__Supplied records__
────────────────────

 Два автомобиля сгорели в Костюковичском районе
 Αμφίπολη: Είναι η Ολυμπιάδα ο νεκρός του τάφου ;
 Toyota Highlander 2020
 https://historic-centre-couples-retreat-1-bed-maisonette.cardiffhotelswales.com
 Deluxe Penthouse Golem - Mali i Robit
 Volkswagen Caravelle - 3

────────────────────

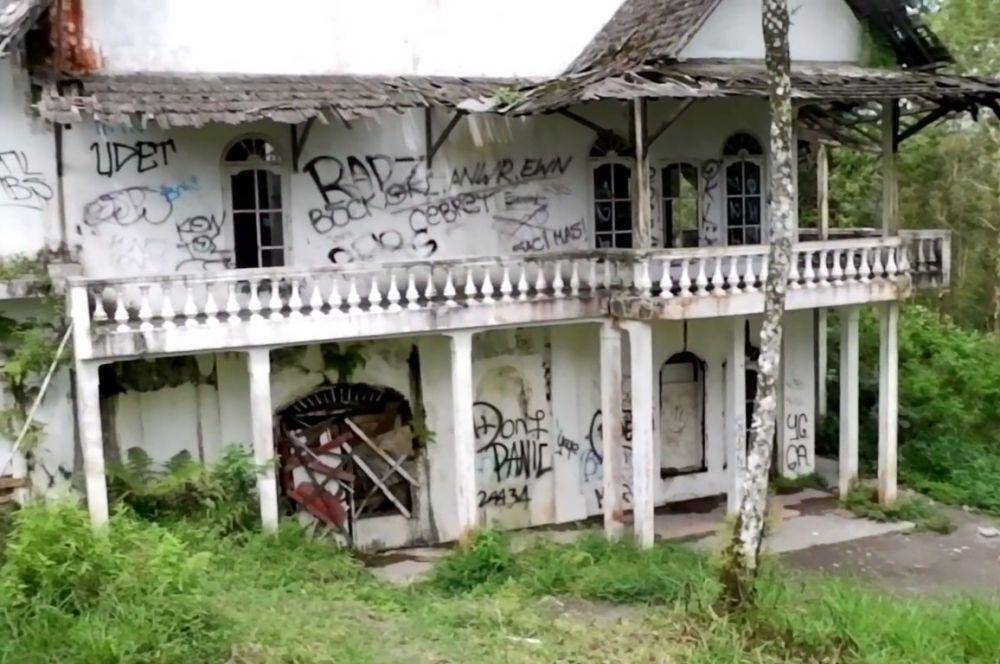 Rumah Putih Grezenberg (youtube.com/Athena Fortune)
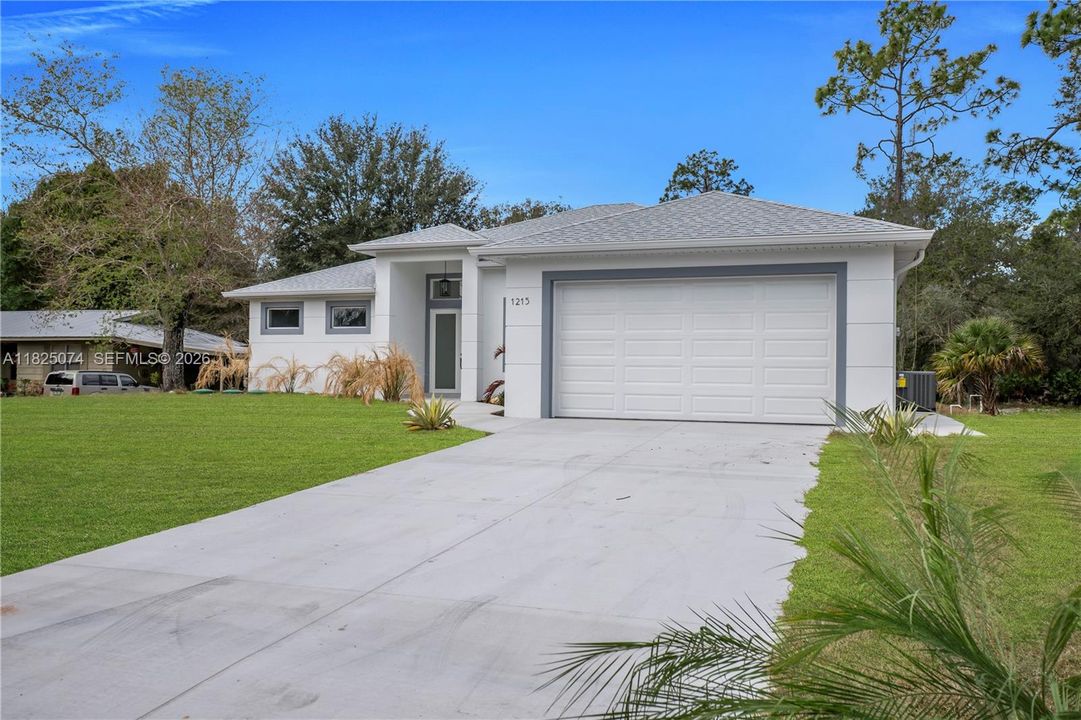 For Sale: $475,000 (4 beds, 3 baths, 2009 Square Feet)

────────────────────

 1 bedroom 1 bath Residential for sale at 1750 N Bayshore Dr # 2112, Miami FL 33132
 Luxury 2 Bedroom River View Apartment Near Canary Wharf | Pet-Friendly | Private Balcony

────────────────────

__Exercise description__
Set down again, word for word, the stretch of records from the line with "Два автомобиля сгорели" to the line with "Volkswagen Caravelle - 3", both of those lines included.

__Output of the exercise__
 Два автомобиля сгорели в Костюковичском районе
 Αμφίπολη: Είναι η Ολυμπιάδα ο νεκρός του τάφου ;
 Toyota Highlander 2020
 https://historic-centre-couples-retreat-1-bed-maisonette.cardiffhotelswales.com
 Deluxe Penthouse Golem - Mali i Robit
 Volkswagen Caravelle - 3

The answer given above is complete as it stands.